To evaluate the given expression for the function \( f(x) = -\sqrt{-x} \), you're tasked with substituting \( x \) with \(-100\).
Here's how it’s done:

• Replace \( x \) with \(-100\): This means you substitute every \( x \) in the function with \(-100\).
• Simplify the expression: Take the square root of 100, which is 10, and apply the negative sign in front, resulting in \(-10\).

Therefore, \( f(-100) = -10 \).
This outcome is obtained by following the steps of substitution and simplification, key elements in the evaluation process.

The domain of a function is the set of all possible input values (\( x \)) that the function can accept without causing any mathematical problems.
For the function \( f(x) = -\sqrt{-x} \), special attention is required due to the square root, which is only valid for non-negative numbers.
Since the function involves \(-x\), we need to ensure that \(-x \geq 0\).
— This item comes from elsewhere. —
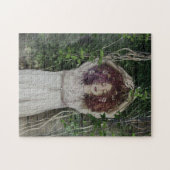 BOHEMISCHE HÜBSCHE FRAU ART JIGSAW PUZZLE (Horizontal)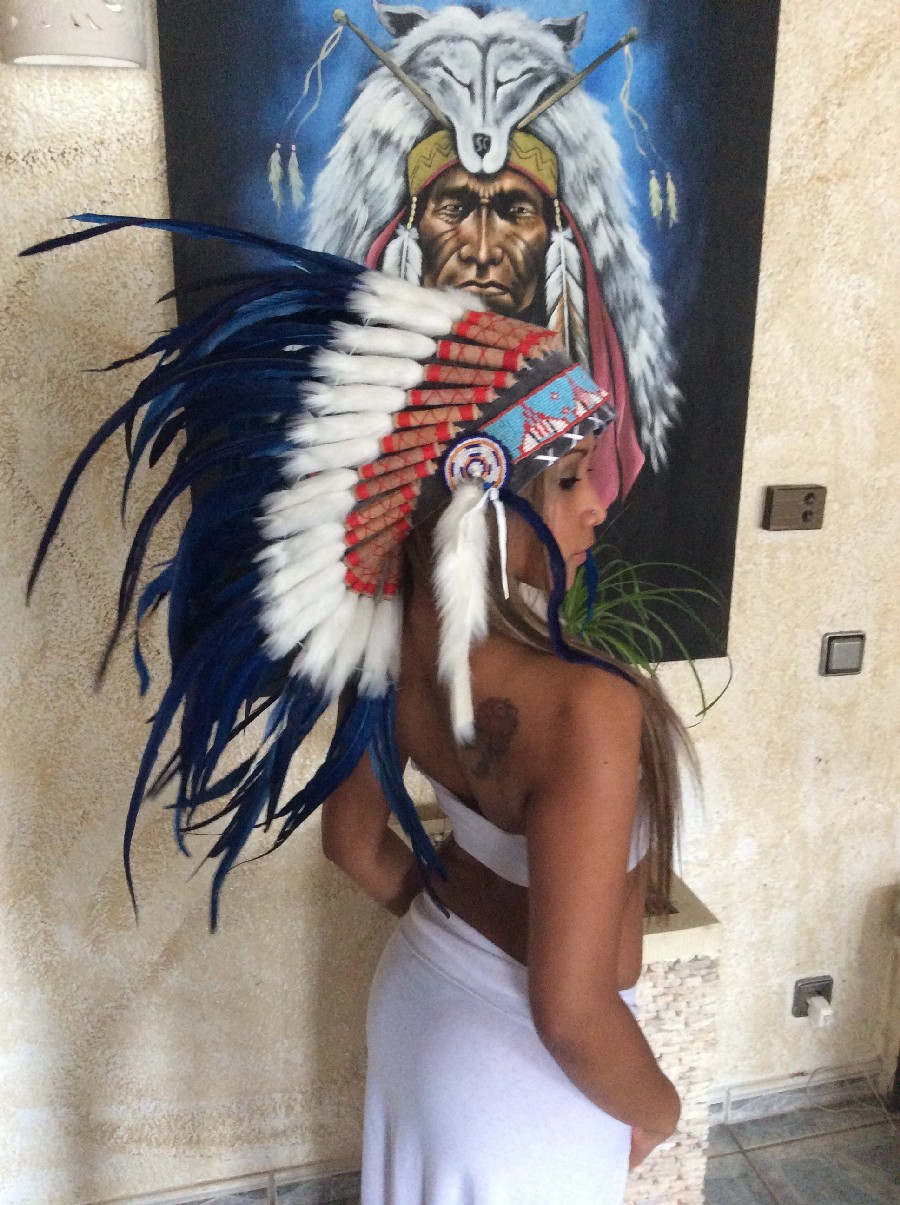 indianer kopfschmuck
Simplifying this inequality leads to \( x \leq 0 \).
This shows that \( x \) can be any real number as long as it is less than or equal to zero.
Thus, the domain of this function is expressed in interval notation as \((-\infty, 0]\).
This means the function takes all values on the number line from negative infinity up to and including zero.

Understanding the range of a function involves finding all possible output values (function values) after substituting all values from the domain.
In the case of \( f(x) = -\sqrt{-x} \), the output depends on how \( -x \) results in square roots of positive numbers.
Here's how you can determine the range:

• The expression \(-\sqrt{-x}\) means the square root is always non-negative because square roots yield non-negative results.
• However, there is a negative sign in front of the square root which inversely makes all outputs non-positive.
• When \( x = 0 \), the output is zero: \( f(0) = 0 \).
• For more negative values of \( x \), \( f(x) \) will result in more negative numbers.

Therefore, the range is \((-\infty, 0]\).
This indicates the function produces output values that start from zero and extend all the way to negative infinity.